WORK REQUEST: The reply must contain exactly the lines below from the one with "Detail of floral" down to the one with "Close-up of an", both included, and nothing more; please omit the pictures.

ENTRIES PROVIDED:
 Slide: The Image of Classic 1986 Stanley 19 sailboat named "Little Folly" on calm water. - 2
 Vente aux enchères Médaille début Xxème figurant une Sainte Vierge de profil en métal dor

...

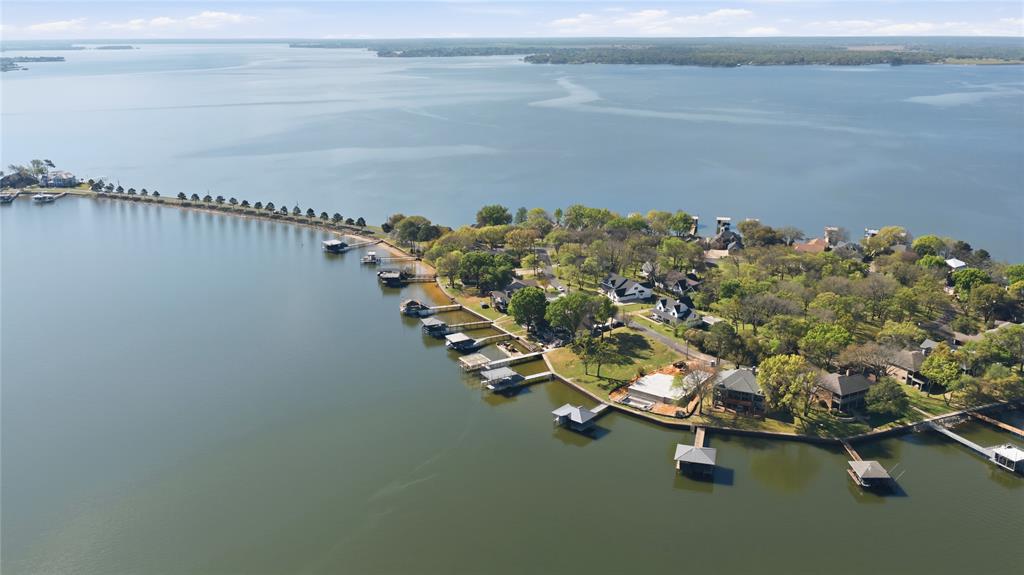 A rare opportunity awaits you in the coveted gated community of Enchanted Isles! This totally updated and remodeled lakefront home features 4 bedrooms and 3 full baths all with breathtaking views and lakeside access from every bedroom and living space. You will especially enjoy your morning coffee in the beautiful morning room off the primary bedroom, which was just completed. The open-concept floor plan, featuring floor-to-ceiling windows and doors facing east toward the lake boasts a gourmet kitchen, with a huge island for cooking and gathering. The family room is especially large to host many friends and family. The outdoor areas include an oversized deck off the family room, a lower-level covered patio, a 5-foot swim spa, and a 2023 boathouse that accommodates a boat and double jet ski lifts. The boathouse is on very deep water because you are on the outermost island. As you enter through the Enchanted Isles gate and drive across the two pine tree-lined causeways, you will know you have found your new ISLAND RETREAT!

--

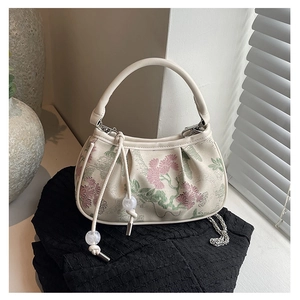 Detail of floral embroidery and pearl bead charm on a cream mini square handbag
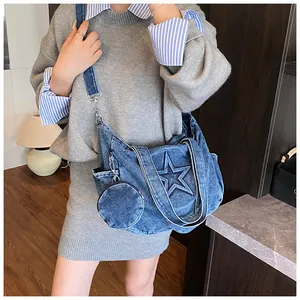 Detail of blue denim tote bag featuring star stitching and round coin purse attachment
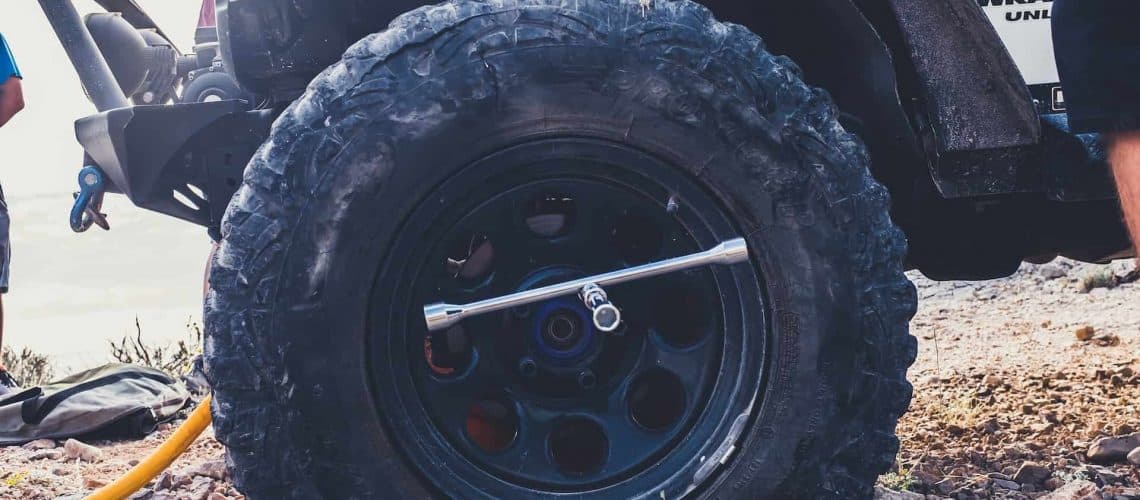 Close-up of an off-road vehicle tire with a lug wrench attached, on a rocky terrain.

SOLUTION FOR THIS TASK:
 Detail of floral embroidery and pearl bead charm on a cream mini square handbag
 Detail of blue denim tote bag featuring star stitching and round coin purse attachment
 Close-up of an off-road vehicle tire with a lug wrench attached, on a rocky terrain.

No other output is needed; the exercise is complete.